В этой строфе доминируют образы огня, но огонь здесь — не разрушающий и даже не обжигающий, а очистительный. Здесь поэту является в видении то «состояние огня» («condition of fire»), о котором он писал в эссе «Anima Mundi»:

«Есть две реальности: земная и состояние огня. Всякая сила происходит от земного состояния, ибо в нем встречаются все противоположности и только в нем возможны крайности выбора — совершенная свобода. И только ему присущи разнородность и зло, ибо зло есть насилие противоположностей друг над другом; а в состоянии огня всё — музыка, всё — покой. ... Пройдя через множество ритмических биений, душа в конце концов истощает жажду своих образов и может, так сказать, смежить очи. С окончанием этой последовательности завершается и время; и душа облекается ритмическим или духовным телом, телом света, и созерцает все события, хранящиеся в ее памяти, и все возможные побуждения из состояния вечной одержимости собой, замкнутого в одном-единственном мгновении. Одно только это состояние одушевлено, а все прочее — лишь фантазии; из него исходят все страсти и, как полагают некоторые, сам телесный жар».

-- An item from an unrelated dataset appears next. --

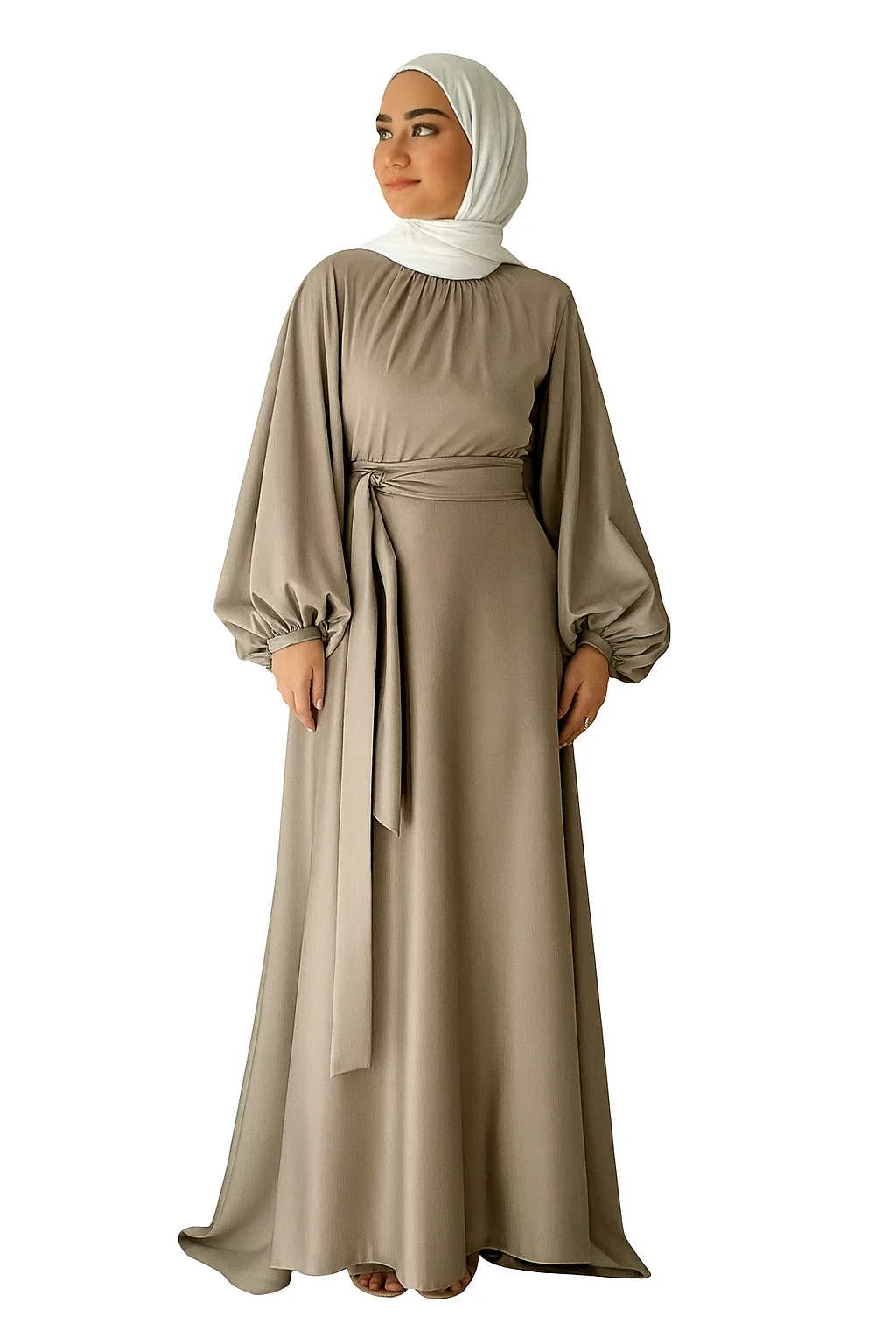 Satin Flowing Dress Abaya One Size - Image 4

Пятая строфа переносит нас к тому мгновению, когда эти духи верхом на дельфинах, связанных через «кровь и грязь» с чувственным миром, прибывают в Византий — город искусства и город мертвых. «Златоковачи» — художники и поэты на службе у кесаря — выковывают посмертные образы этих духов, превращая «прилив» в образы и картины, в мраморную мозаику «кесаревых плит». Эти плиты «дробят» (укрощают) волны, мчащиеся на город «под плетью ярых фурий»: «переплетенья» и «сплетенья» предшествующих строф ныне превратились в стихию, гонимую не просто «яростью» (fury), а «ярыми фуриями» (bitter furies), и подчинить и обуздать ее теперь нелегко. «Мрамор кесаревых плит» должен противостоять вечному натиску образов, порождающих все новые и новые образы (в черновом варианте — «слепые образы, способные породить образы, еще более слепые»). Эти образы складываются в единый образ необъятного океана, что «истерзан гонгом, грезой обуян» (V.8), — океана реальности, раздираемого на части («That dolphin-torn, that gong-tormented sea») сексуальными конфликтами («кровь и грязь» дельфинов) и духовными устремлениями (соборный гонг).

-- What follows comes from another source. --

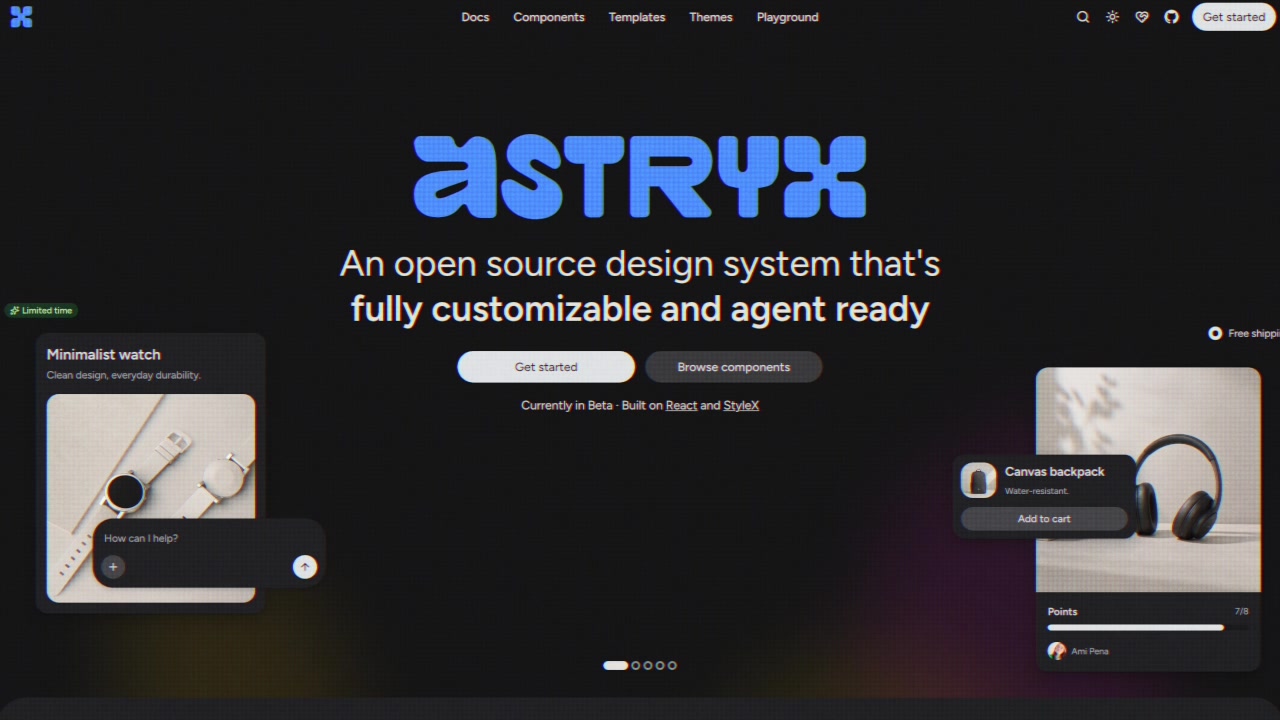 A screenshot of the Astryx landing page, showcasing its sleek, modern design and key features.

Организующими элементами в структуре стихотворения служат ряды повторяющихся в различном контексте слов (и их производных): «переплетения», «ярость», «образ» и др., — что в конечном счете создает впечатление принципиальной незавершимости любой структуры, системы или произведения искусства. Два глагола из числа опорных в этом стихотворении — «реет» (floats) и «скользят» (flit) — усугубляют ощущение неопределенности, невыразимости обозначаемых идей и явлений, невозможности как-либо их конкретизировать.
Каждый образ трепещет на грани между видимым и невидимым, выразимым и невыразимым, между понятным и недоступным пониманию. Одна из основных идей «Византия», таким образом, заключается в том, что наибольшей мощью обладают те образы, которые не замыкаются на самоопределении, а только служат стимулами к дальнейшему образотворчеству. Наивысшее достоинство образа — в его потенциальной способности преобразиться в нечто иное и раствориться в этом ином.


Однако главной темой стихотворения остается конфликт между хаосом и яростью, с одной стороны, и творческим процессом, с другой. Творение и разрушение мыслятся как циклы, вечно сменяющие друг друга и настолько грандиозные и мощные, что ни одному человеку не под силу взять их под контроль или преодолеть их влияние.